Last Best News (https://montana-mint.com/lastbestnews/2014/07/crossing-paths-with-chief-joseph-trail-riders/)
I was down near Bridger today working on a story (look for it in a few days) when a very large group of people on horseback trotted into view, making their way across the parched hills a few miles south of town.
There were way too many people for a dude ranch outing. Who were they? My curiosity was soon satisfied. This was the the Chief Joseph Trail Ride, sponsored by the Appaloosa Horse Club of Moscow, Idaho, as I was told by Ron Fowler, chief scout.
Since 1965, the club has covered 100 miles a year of the Nez Perces’ fighting retreat of 1877, an 1,300-mile journey from eastern Oregon to a point 40 miles from the Canadian border, north of the Bear Paw Mountains near Havre.
This year’s five-day leg of the journey runs from Clark, Wyo., to the Canyon Creek Battlefield Monument north of Laurel. Fowler said the group of riders numbers 130, with participants from four countries and 21 states. All are welcome, but riders must have a registered Appaloosa.
I caught up with them briefly, at the tail end of a short lunch break, so I didn’t have time to talk much, but I heard a few stories and got some photos, which you can see in the gallery above.
Among the riders was Rielly Leighton, a Nez Perce from Lapwai, Idaho, and a member of the Nez Perce Appaloosa Horse Club, headquartered in Lapwai.
Leighton said he has been on the trail for the past five summers, since the beginning of the current 13-year cycle, and hopes to keep going until reaching trail’s end. He said he heard a lot about the epic journey from his grandparents.

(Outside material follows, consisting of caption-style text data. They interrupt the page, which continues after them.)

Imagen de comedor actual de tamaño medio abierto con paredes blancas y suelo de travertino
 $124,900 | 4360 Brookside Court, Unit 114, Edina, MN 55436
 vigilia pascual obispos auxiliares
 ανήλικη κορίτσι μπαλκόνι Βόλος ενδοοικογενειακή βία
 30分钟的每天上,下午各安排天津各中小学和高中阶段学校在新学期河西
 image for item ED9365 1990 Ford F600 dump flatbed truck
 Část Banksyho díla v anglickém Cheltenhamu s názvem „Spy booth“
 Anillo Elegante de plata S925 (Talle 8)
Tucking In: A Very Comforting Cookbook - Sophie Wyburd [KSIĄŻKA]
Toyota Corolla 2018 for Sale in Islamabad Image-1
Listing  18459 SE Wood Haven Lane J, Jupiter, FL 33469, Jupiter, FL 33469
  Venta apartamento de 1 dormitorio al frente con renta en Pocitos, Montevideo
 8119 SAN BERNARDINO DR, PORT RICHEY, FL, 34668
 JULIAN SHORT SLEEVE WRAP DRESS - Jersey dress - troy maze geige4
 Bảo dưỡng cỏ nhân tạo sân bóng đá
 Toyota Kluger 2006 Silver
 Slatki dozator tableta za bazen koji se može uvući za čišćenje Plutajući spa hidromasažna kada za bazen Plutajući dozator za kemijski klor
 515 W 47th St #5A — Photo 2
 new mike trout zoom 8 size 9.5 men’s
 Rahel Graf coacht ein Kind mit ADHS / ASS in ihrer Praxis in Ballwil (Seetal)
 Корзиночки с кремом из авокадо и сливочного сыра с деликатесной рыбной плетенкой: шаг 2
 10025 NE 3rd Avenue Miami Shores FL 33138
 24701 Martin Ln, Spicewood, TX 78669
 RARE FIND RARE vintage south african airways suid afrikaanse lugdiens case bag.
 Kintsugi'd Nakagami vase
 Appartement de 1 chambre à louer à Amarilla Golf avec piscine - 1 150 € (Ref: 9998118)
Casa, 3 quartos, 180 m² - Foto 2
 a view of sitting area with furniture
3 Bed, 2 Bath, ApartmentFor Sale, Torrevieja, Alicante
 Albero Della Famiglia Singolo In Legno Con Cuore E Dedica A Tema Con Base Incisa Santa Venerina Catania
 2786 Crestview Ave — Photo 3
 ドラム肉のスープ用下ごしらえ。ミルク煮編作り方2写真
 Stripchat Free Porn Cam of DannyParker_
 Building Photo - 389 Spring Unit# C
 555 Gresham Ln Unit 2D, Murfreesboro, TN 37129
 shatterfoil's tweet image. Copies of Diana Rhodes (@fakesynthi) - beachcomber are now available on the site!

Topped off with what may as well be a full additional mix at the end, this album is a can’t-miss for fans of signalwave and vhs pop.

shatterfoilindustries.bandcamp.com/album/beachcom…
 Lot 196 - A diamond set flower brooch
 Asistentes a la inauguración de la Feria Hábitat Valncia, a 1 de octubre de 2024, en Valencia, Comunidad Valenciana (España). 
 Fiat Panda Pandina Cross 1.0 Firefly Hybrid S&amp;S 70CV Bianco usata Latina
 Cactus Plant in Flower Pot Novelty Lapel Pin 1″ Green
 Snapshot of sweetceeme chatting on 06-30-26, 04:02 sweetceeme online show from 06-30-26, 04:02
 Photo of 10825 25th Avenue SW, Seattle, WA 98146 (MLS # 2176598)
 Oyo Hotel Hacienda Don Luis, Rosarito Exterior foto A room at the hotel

What attracted him to the trail ride was “pretty much the history of the ride,” he said, “and the chance, not to relive it, but appreciate it.”
The flight of the Nez Perce was precipitated by the U.S. government’s attempt to force the tribe to give up its ancestral lands in the Pacific Northwest and relocate to a reservation in Idaho. Several bands of Nez Perce, known as the “non-treaty Indians,” refused to go.
After a battle in June of 1877, a band of some 750 Nez Perce, many of them women, children and old people, began the trek, pursued by elements of the U.S. Army. Though greatly outnumbered, the Nez Perce continually outmaneuvered the Army and won several battles and skirmishes on their flight to Canada.
The best known of the Indian leaders was Chief Joseph, who delivered his famous “fight no more forever” speech at the surrender.